Gogol Bordello in Blacksburg
First off, greetings from Bellevue, Washington! I’m on another trip. This explains why I didn’t enthusiatically report about the Gogol Bordello concert earlier– the very next day I was flying out to the great Pacific Northwest. Anyway, it is very simple to sum up the concert:
And a couple of little tidbits.
Gogol Bordello is Harder to Photograph Than Babies
Aaron Evans is a talented photographer. I already knew that and his Flickr photos provide plenty of proof. But now I have another reminder of Aaron’s photographing prowess. His Gogol Bordello pictures are far superior to mine. Even though I specifically staked out a railing to keep my camera steady, those dang musicians moved around so much, most of my shots were still blurry. Anyway, not since little baby Ali, have I had such trouble getting the shot I wanted.
That blur on the far left is supposed to be Eugene Hutz
Here is Eugene Hutz when he is actually still
For those of you not familiar with the band, two prominent instruments are the accordian and the violin. Everything about the band is energizing, but it was the violinist, Sergey Ryabtsev, who really commanded the crowd. With each song, the crowd was always in motion. And when the violin started– that’s when the frenzied jumping would begin. A Russian immigrant and his violin– not what you would expect to drive this demographic of concert-goers insane. Sergey’s power does come with a cost. That poor bow of his got more and more tattered with each song.
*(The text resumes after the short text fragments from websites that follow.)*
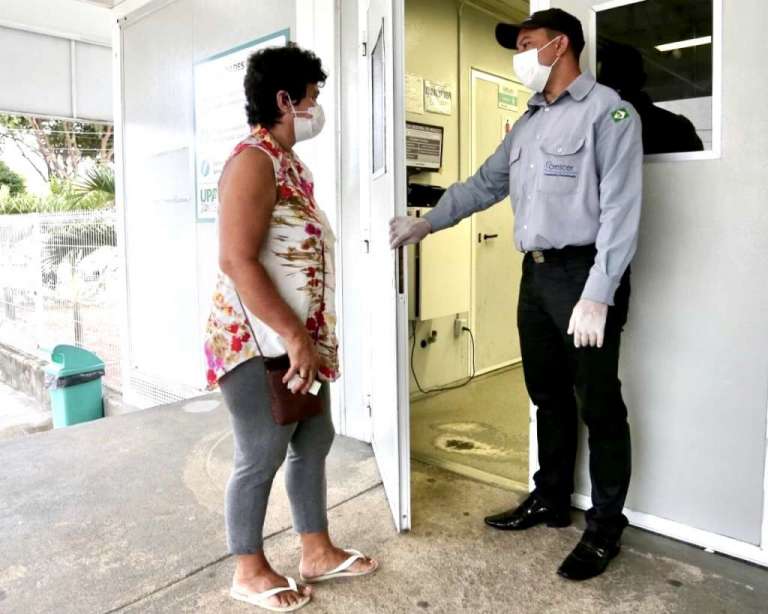 Pacientes denunciam falta de medicamentos, testes e médicos em UPAs da capital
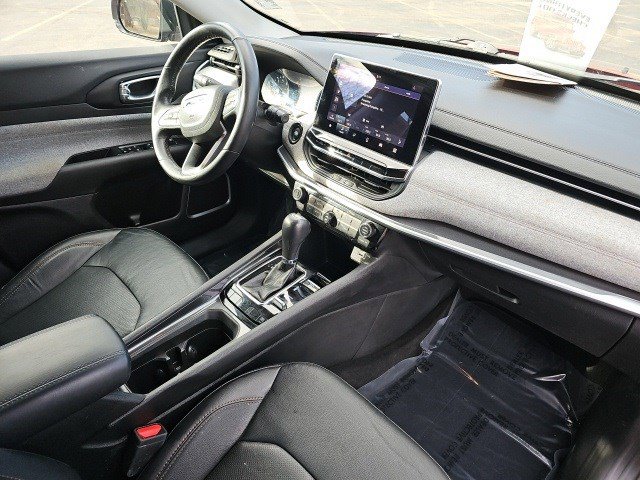 Used 2022 Jeep Compass Latitude image 14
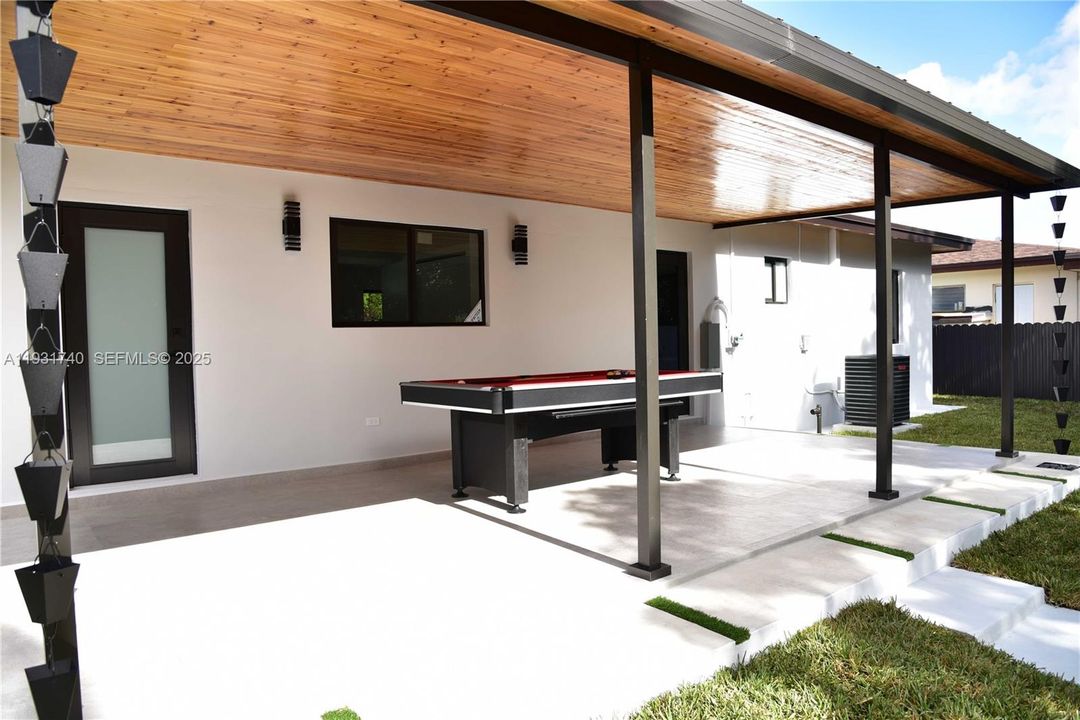 На продажу: $599,900 (3 спален, 2 ванн, 1079 Квадратных фут)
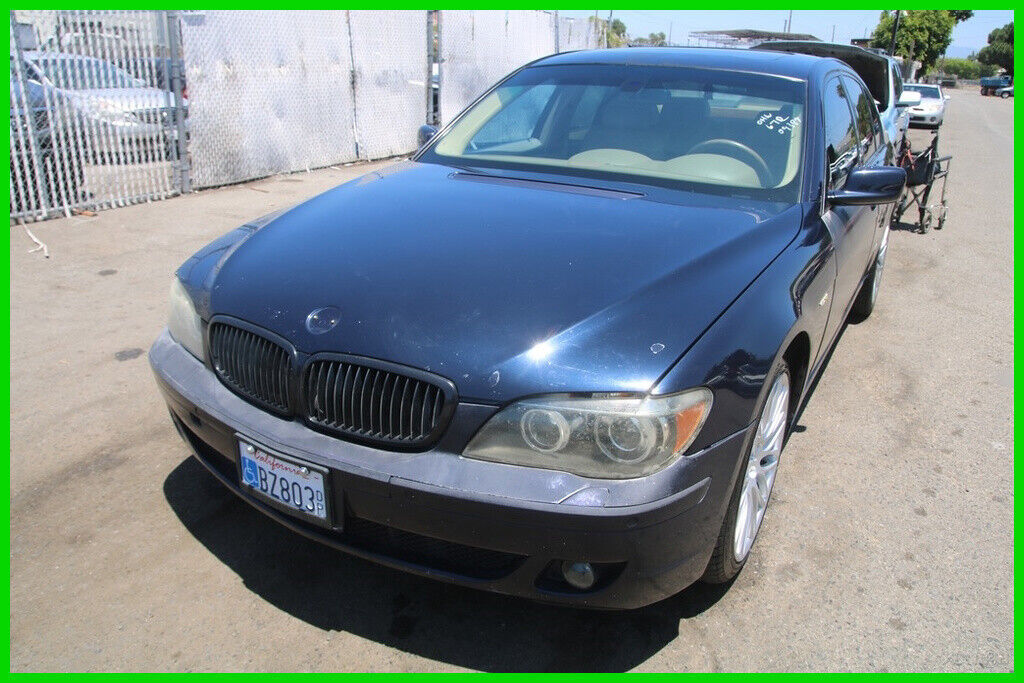 BMW 750i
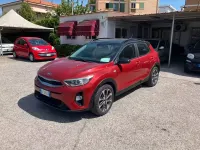 Usata Kia Stonic Style 101 CV (74 kW) 2018 Rosso SUV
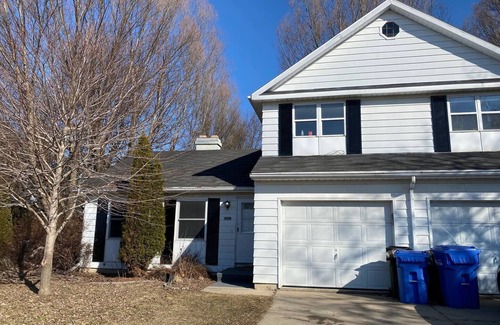 Madison House | 3 BR 2 BA Townhouse - Great for families or groups!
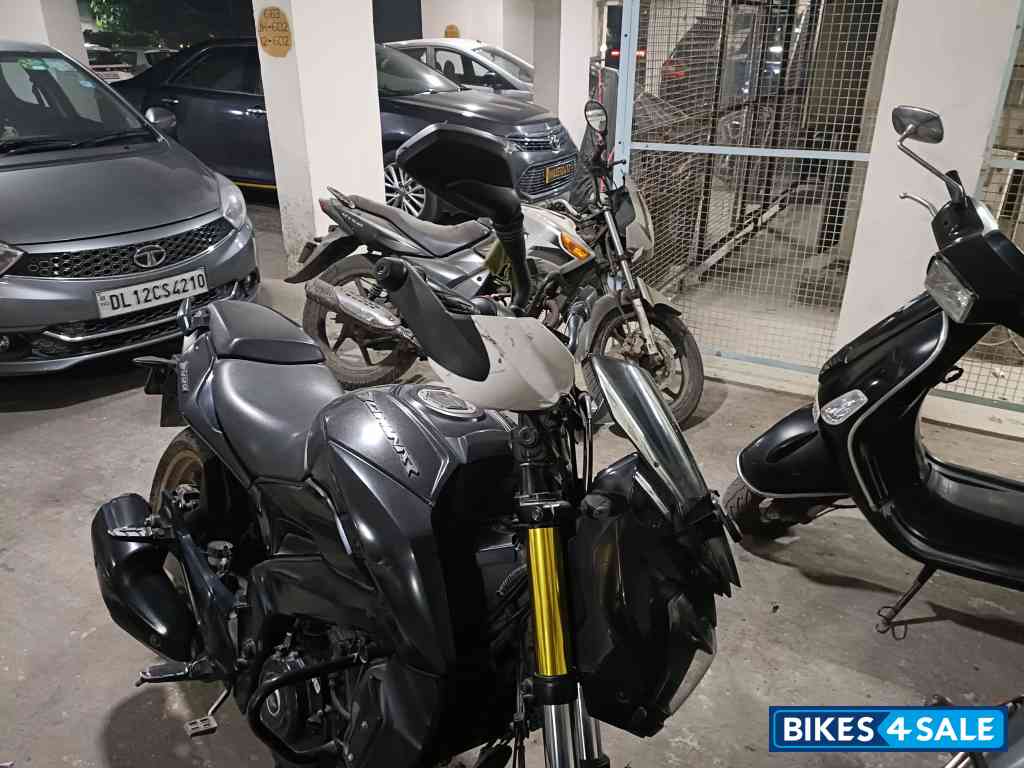 Bajaj Dominar 400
Gogol Bordello is Better Than Hawaii
My brother, Jay, works on a cruise ship in Hawaii. So he spends months at a time circulating the Hawaiin islands and he seems to take a lot of joy in taunting me via cell phone by sending along weather updates and pictures of beautiful mountains. Well finally, the tables are turned!!! I sent him a picture from the concert and my brother sent back a brief reply:
Ha, ha! Someone in Hawaii is jealous of *ME*.
Ass Cracks Welcome
I wore low-rider jeans that night. The times I went into the crowd my wardrobe choice was troublesome. With all the jumping and dancing and escalating energy, I often felt my pants starting to slide down. So in the vicinity of moshers, I had to allocate one of my key defense resources to reach back and yank my pants back into place.
“This is the last time I’m wearing these jeans to a concert,” I thought.
And then I noticed Eugene Hutz. His pants posed a similiar predictament and his butt crack was readily visible.
“Oh,” I realized, “It’s socially acceptable!”
And that was the last time I worried about that!